Shipping firearms via Fed EX (did YOU know this? I didn't) (Read 1182 times)

FunWithPaul

Shipping firearms via Fed EX (did YOU know this? I didn't)
« on: March 09, 2022, 08:56:13 PM »
I was looking up something else (declared value fee. good luck, they won't tell you)
and found this:

"Firearms
Only customers holding a Federal Firearms License (FFL) and federal, state, or local
government agencies may ship firearms with FedEx. Customers holding an FFL must enter
into an approved FedEx Firearms Shipping Compliance Agreement before shipping any
firearms with FedEx. For more information, contact your FedEx account executive."

https://www.fedex.com/en-us/shipping/how-to-ship-firearms.html

Flapp_Jackson

Re: Shipping firearms via Fed EX (did YOU know this? I didn't)
« Reply #1 on: March 09, 2022, 09:22:49 PM »
I was looking up something else (declared value fee. good luck, they won't tell you)
and found this:

"Firearms
Only customers holding a Federal Firearms License (FFL) and federal, state, or local
government agencies may ship firearms with FedEx.

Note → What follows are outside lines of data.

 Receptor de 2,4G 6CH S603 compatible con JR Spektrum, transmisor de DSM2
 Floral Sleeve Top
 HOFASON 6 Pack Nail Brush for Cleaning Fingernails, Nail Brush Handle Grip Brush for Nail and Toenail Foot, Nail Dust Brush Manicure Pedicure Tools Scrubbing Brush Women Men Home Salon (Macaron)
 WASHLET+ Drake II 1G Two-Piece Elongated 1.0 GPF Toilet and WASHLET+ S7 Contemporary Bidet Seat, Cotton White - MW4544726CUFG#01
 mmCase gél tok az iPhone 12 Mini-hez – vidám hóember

Customers holding an FFL must enter
into an approved FedEx Firearms Shipping Compliance Agreement before shipping any
firearms with FedEx. For more information, contact your FedEx account executive."

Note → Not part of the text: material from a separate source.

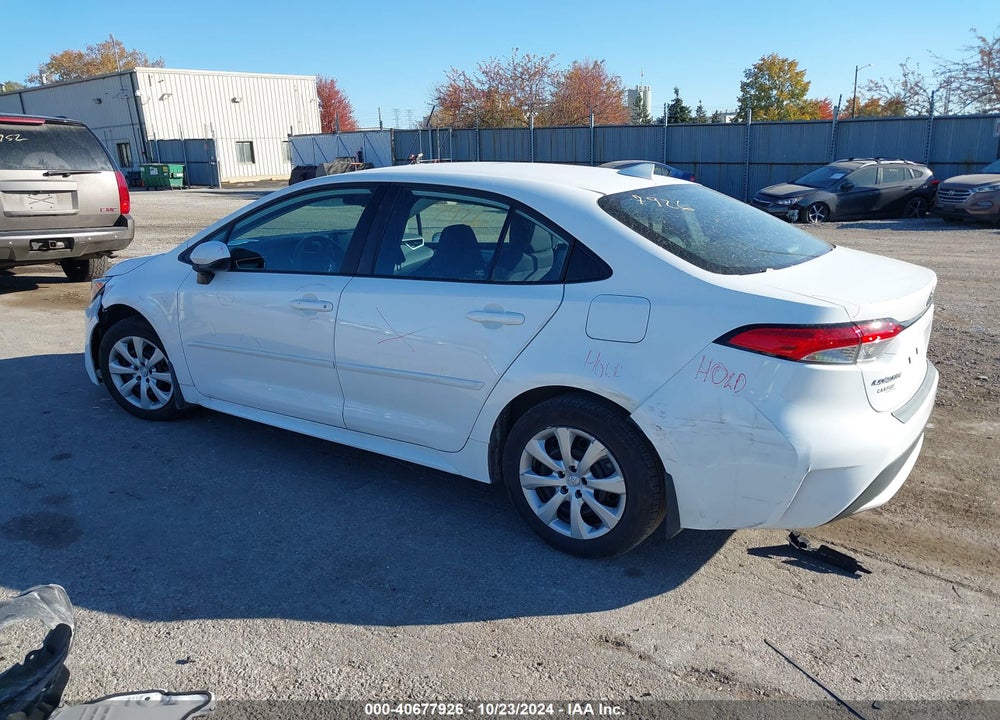 2022 TOYOTA COROLLA LE VIN: 5YFEPMAE3NP349010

https://www.fedex.com/en-us/shipping/how-to-ship-firearms.html

This was a recent policy change.

ATF requires handguns be shipped by non-licensees using commercial carriers -- not USPS.  It's up to the commercial carriers to establish their own policies.

If the gun is being shipped to the manufacturer and returned to you, then the manufacturer (an FFL) will be doing the shipping using their own FedEx account.  When it's returned, it can be delivered to your home or business address directly **IF** the serial number of the gun is the same as the one you sent.

If the manufacturer chooses to replace the firearm rather than repair it, then you have no choice.  The new gun will have to go through the same acquisition process as a new gun:  Ship to FFL, PTA, 2 week wait, etc.

If you as an individual want to ship your gun via FedEx, you'll have to pay to have an FFL licensed dealer do it or be one yourself.

As for C&R FFL-03, you can't ship a gun that doesn't qualify as a curio or relic using that license.  Plus, the FedEx account requirement is another hurdle.

When I shipped my P320 to Sig for upgrades, they sent me the label with their account info.  Had they not created that label for me, FedEx would have accepted it directly from me if I paid the costs because the recipient was an FFL.  Non-licensee to non-licensee would not have been accepted.

This looks like a policy just begging for a lawsuit.  If the ATF/laws allow you to ship via a commercial carrier directly to yourself, to someone else in care of yourself, and other instances where there's no transfer being performed, and the commercial carriers decide to require an FFL be in the process, the carriers are rewriting the law.

It's like the state law saying you can mail your election ballots using first class postage, and Mail Boxes Etc making you pay for Express Mail rates.  Private companies should not be allowed to impose extra rules that aren't imposed by the law.

The reasonable man adapts himself to the world;
the unreasonable one persists in trying to adapt the world to himself.
Therefore, all progress depends on the unreasonable man.